そして、こうした顧客を理解してビジネスのヒントを発見するという「顧客基点マーケティング」の考え方は、SmartNews Adsにとっても重要だと加藤氏は語る。そのひとつが「無意識データ(サイレントマジョリティ)の可視化」だ。
SmartNewsは、ユーザーがふらっと訪れて情報に気軽に触れるメディアであり、その様子は雑誌を立ち読みしている感覚に近い。このユーザーの行動から見えるユーザーの無意識なコンテンツ接触を解析することで、ユーザーの潜在的なニーズを理解することができるのだ。
「しかし、SmartNewsの中だけではまだ狭い世界。SmartNewsユーザーのことはよくわかるが、例えば広告主の顧客のことはSmartNewsのデータだけでは理解できず、まだ顧客の課題解決ができているとはいえない」と加藤氏は語る。そこで、SmartNews Adsでは、この課題を解決するために、ユーザーアンケートの実施、広告効果計測、DMPや広告主の顧客データの活用などを推進し、SmartNewsの世界を外に拡張していくという。
「SmartNewsの無意識データは、広告主企業のカスタマージャーニーの中でも興味の着火地点において活用できるのではないか」(加藤氏)。
そこで紹介されたのは、自動車メーカーSUBARUとの協業事例だ。具体的には、SUBARUがデータ分析によって構築したカスタマージャーニーにSmartNewsの無意識データを掛け合わせることによって、顧客の購買前、購買後の情報接触を深く理解するという。
事例説明のために登壇した、株式会社SUBARU データエンジニアの小川秀樹氏は、SmartNewsの無意識データをマーケティングに活用する意義について「データを使うことの価値は、今までの改善をすること、新しいものを生むこと、データに対する姿勢を変えることの3点あると考えている。改善だけだとROIがでないので、新しいものを生み、姿勢をかえる2と3をいかにやっていくかがポイント。現在2つめのトライとして、車を購入したあとの顧客理解を特にSmartNewsのデータを活用することで、深めていきたい」と協業に期待を寄せた。またデータを積極的に使うという意識を会社全体で高めていくことも期待している。

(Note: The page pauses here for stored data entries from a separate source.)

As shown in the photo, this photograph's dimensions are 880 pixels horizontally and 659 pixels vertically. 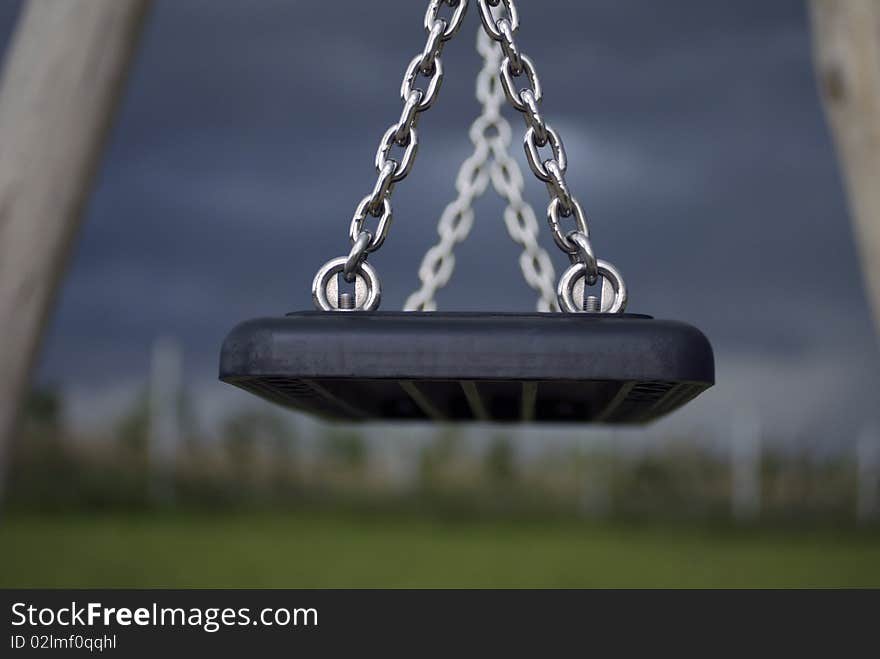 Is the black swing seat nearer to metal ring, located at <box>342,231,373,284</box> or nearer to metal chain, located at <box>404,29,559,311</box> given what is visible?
metal ring, located at <box>342,231,373,284</box>

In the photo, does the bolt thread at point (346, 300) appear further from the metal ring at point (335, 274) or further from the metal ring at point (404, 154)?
the metal ring at point (404, 154)

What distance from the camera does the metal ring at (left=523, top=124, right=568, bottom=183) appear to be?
3.86ft

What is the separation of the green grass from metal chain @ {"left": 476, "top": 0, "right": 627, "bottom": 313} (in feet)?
20.8

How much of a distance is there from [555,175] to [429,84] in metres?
0.18

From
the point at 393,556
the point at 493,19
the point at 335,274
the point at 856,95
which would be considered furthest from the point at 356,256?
the point at 393,556

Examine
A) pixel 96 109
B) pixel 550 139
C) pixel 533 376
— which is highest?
pixel 96 109

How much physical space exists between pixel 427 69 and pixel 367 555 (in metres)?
7.60

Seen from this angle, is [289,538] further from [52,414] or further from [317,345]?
[317,345]

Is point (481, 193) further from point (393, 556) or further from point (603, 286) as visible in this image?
point (393, 556)

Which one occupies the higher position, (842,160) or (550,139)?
(842,160)

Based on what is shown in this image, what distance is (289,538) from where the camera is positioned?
30.2ft

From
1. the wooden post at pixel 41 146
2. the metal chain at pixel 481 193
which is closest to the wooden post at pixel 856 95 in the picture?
the metal chain at pixel 481 193

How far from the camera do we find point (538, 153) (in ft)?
3.90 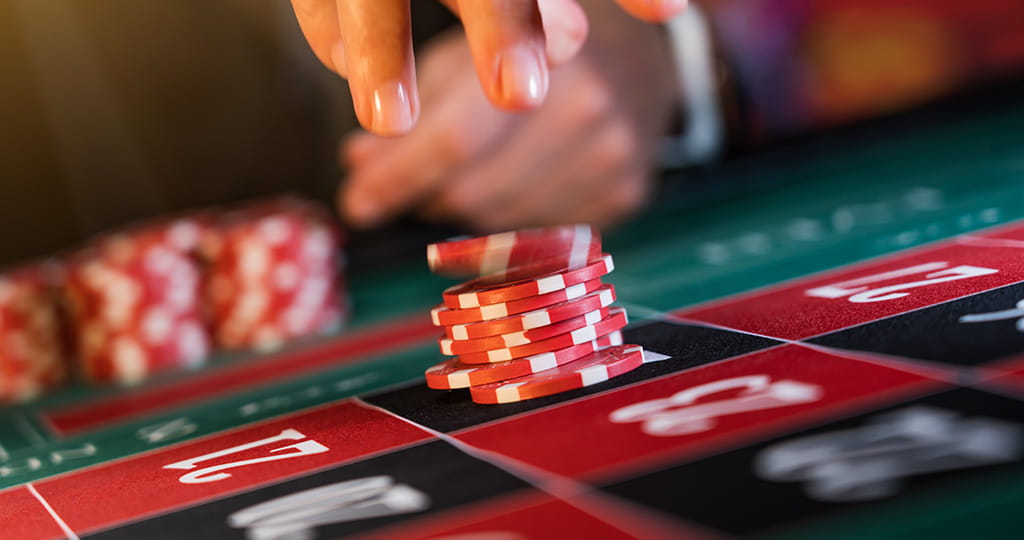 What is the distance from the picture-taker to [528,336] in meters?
1.50

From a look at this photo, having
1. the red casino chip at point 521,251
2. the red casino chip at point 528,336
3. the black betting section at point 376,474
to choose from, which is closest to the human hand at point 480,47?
the red casino chip at point 521,251

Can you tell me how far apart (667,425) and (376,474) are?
1.11 ft

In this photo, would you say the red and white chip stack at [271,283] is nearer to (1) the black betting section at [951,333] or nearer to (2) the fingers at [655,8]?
(2) the fingers at [655,8]

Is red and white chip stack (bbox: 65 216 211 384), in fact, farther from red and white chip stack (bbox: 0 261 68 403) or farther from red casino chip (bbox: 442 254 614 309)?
red casino chip (bbox: 442 254 614 309)

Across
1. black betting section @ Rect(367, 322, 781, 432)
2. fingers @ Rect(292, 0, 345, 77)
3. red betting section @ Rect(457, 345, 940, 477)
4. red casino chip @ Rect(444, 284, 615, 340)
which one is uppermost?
fingers @ Rect(292, 0, 345, 77)

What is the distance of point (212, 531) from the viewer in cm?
111

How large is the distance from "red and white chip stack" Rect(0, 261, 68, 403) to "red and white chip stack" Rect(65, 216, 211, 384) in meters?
0.06

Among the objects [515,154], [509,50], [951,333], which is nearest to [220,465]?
[509,50]

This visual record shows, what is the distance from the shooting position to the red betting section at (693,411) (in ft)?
3.57

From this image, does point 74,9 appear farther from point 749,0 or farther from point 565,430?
point 565,430

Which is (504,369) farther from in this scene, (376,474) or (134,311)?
(134,311)

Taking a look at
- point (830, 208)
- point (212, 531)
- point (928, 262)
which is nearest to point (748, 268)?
point (928, 262)

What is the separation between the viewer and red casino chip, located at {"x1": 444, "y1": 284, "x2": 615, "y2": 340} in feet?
4.89

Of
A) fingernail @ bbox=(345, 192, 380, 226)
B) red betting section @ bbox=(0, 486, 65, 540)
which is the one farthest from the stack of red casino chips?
fingernail @ bbox=(345, 192, 380, 226) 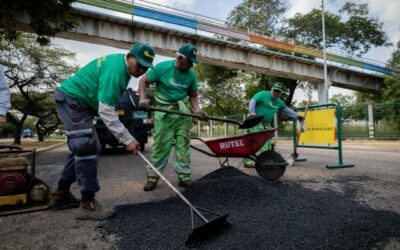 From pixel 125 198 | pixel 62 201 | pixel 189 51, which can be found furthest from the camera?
pixel 189 51

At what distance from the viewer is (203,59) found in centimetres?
1764

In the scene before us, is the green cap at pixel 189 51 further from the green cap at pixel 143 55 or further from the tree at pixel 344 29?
the tree at pixel 344 29

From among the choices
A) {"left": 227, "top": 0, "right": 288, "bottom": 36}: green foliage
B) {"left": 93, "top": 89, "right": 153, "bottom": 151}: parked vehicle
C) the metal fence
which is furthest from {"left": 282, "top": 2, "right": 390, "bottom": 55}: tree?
{"left": 93, "top": 89, "right": 153, "bottom": 151}: parked vehicle

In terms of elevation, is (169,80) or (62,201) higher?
(169,80)

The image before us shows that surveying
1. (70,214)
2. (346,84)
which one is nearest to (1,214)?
(70,214)

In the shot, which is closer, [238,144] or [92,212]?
[92,212]

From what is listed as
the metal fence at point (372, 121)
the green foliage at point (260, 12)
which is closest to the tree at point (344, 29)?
the green foliage at point (260, 12)


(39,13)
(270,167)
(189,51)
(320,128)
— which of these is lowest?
(270,167)

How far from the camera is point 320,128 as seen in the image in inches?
239

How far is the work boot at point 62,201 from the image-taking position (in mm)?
2932

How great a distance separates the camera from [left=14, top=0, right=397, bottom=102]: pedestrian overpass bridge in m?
13.8

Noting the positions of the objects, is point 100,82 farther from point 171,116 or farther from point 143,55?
point 171,116

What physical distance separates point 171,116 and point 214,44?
14655 millimetres

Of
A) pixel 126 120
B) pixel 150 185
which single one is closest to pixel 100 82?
pixel 150 185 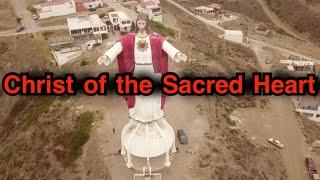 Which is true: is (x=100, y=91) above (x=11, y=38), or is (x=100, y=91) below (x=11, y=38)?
above

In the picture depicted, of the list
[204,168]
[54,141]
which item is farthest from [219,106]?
[54,141]

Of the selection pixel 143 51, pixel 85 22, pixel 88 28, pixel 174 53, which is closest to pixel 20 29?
pixel 85 22

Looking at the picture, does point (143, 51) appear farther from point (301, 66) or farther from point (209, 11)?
point (209, 11)

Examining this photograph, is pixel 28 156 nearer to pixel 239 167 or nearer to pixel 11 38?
pixel 239 167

一方、同じく事例紹介に登壇したスマートニュース株式会社 アドセールス オートモーティブチームリードの佐野 雄太氏は「SUBARUのカスタマージャーニーの背後でユーザーが無意識にどのようなコンテンツ接触をSmartNewsでしていたのか、それを可視化をすることで顧客の行動をより深く理解することができる。SUBARUのカスタマージャーニーの中で、ユーザーのどのような心理に着火しているのかをSmartNewsの無意識データにより可視化することができ、カスタマージャーニーの立体的な理解に繋がるのではないか」と協業の可能性を語った。
※1 2019年7月イベント開催当時。現在は、マンスリーアクティブユーザー数が日米合算2000万人を突破。